What we all thank God for with deepest gratitude is that our men went in force into the line of battle just at the critical moment when the whole fate of the world seemed to hang in the balance and threw their fresh strength into the ranks of freedom in time to turn the whole tide and sweep of the fateful struggle—turn it once for all, so that thenceforth it was back, back, back for their enemies, always back, never again forward! After that it was only a scant four months before the commanders of the Central Empires knew themselves beaten; and now their very empires are in liquidation!

And through it all, how fine the spirit of the nation was. What unity of purpose, what untiring zeal! What elevation of purpose ran through all its splendid display of strength and untiring accomplishment. I have said that those of us who stayed at home to do the work of organization and supply will always wish that we had been with the men whom we sustained by our labor; but we can never be ashamed. It has been an inspiring thing to be here in the midst of fine men who had turned aside from every private interest of their own and devoted the whole of their trained capacity to the tasks that supplied the sinews of the whole great undertaking! The patriotism, the unselfishness, the thorough-going devotion and distinguished capacity that marked their toilsome labors day after day, month after month, have made them fit mates and comrades of the men in the trenches and on the sea. And not the men here in Washington only. They have but directed the vast achievement. Throughout innumerable factories, upon innumerable farms, in the depths of coal mines and iron mines and copper mines, wherever the stuffs of industry were to be obtained and prepared, in the shipyards, on the railways, at the docks, on the sea, in every labor that was needed to sustain the battlelines, men have vied with each other to do their part and do it well. They can look any man-at-arms in the face and say, "We also strove to win and gave the best that was in us to make our fleets and armies sure of their triumph!"

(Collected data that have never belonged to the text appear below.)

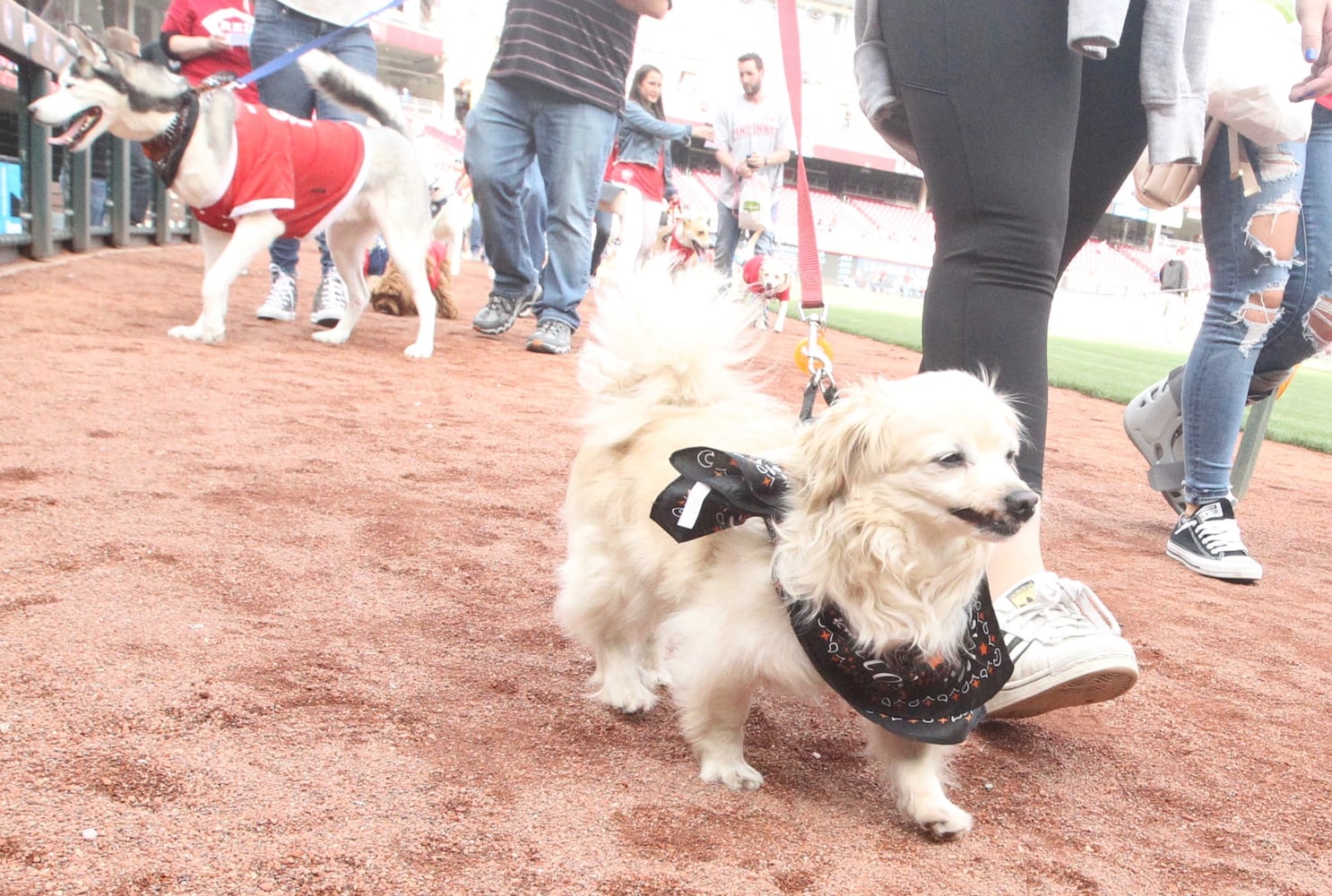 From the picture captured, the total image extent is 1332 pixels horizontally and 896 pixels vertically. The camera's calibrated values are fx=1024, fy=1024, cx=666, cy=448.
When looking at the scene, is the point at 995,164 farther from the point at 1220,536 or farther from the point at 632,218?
the point at 632,218

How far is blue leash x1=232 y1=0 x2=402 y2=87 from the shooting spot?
5.10 meters

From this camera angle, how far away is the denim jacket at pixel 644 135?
31.8 ft

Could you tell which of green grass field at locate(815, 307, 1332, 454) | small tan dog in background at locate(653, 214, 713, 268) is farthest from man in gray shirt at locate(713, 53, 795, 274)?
green grass field at locate(815, 307, 1332, 454)

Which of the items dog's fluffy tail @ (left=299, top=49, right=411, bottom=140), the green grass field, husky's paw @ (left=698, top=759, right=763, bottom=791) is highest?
dog's fluffy tail @ (left=299, top=49, right=411, bottom=140)

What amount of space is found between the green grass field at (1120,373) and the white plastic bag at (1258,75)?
16.6ft

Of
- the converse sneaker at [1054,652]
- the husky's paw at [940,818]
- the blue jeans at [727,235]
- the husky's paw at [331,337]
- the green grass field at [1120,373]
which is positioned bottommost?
the green grass field at [1120,373]

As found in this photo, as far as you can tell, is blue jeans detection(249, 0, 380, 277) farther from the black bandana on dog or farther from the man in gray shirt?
the man in gray shirt

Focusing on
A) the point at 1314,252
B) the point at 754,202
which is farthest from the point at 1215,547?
the point at 754,202

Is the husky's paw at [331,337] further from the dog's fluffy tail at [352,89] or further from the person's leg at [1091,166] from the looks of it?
the person's leg at [1091,166]

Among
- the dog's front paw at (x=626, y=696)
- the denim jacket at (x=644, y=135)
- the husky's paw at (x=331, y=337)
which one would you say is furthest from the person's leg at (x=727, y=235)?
the dog's front paw at (x=626, y=696)

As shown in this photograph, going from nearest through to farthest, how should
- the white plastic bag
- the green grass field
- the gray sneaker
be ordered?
the white plastic bag, the gray sneaker, the green grass field

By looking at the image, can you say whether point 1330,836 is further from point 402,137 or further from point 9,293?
point 9,293

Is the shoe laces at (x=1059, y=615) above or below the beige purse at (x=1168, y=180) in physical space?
below

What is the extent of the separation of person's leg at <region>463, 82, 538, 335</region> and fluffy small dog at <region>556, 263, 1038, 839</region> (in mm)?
3971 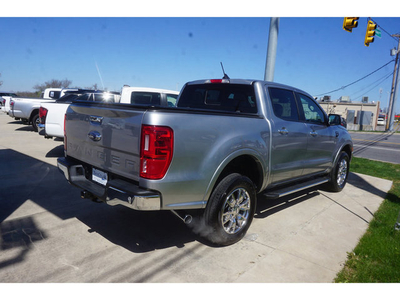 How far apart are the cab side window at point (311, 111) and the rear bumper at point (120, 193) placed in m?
3.26

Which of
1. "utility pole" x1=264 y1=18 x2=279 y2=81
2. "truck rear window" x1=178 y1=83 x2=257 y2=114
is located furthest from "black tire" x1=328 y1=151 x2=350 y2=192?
"truck rear window" x1=178 y1=83 x2=257 y2=114

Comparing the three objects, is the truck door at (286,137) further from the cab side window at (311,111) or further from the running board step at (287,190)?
the cab side window at (311,111)

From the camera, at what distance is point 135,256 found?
3283 mm

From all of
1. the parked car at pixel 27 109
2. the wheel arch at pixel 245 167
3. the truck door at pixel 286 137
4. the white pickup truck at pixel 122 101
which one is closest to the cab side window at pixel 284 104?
the truck door at pixel 286 137

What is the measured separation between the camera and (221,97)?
4.55 m

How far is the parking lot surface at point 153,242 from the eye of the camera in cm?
298

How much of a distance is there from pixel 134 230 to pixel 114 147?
136 centimetres

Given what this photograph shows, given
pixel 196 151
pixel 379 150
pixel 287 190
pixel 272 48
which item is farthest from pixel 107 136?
pixel 379 150

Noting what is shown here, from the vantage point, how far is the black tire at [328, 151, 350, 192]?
19.7 ft

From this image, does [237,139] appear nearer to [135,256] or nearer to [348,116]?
[135,256]

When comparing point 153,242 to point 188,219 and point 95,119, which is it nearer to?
point 188,219

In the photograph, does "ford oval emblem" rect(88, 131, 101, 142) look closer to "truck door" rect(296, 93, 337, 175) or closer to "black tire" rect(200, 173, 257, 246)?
"black tire" rect(200, 173, 257, 246)

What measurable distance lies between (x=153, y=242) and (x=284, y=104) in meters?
2.75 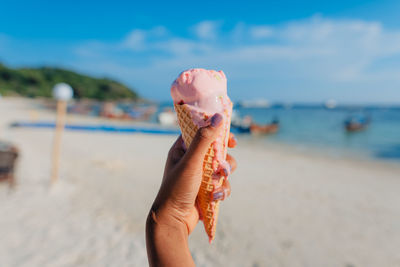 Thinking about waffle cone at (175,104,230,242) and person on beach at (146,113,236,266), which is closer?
person on beach at (146,113,236,266)

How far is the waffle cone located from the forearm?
10.2 inches

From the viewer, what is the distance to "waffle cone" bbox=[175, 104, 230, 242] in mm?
1163

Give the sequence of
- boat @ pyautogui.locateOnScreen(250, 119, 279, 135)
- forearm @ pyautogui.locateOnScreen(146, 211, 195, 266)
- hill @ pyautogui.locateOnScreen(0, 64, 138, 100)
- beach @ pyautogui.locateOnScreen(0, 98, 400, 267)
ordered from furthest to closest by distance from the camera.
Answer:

And what shall we say of the women—of their instant intelligence, quickening every task that they touched; their capacity for organization and cooeperation, which gave their action discipline and enacted the effectiveness of everything they attempted; their aptitude at tasks to which they had never before set their hands; their utter self-sacrifice alike in what they did and in what they gave? Their contribution to the great result is beyond appraisal. They have added a new luster to the annals of American womanhood.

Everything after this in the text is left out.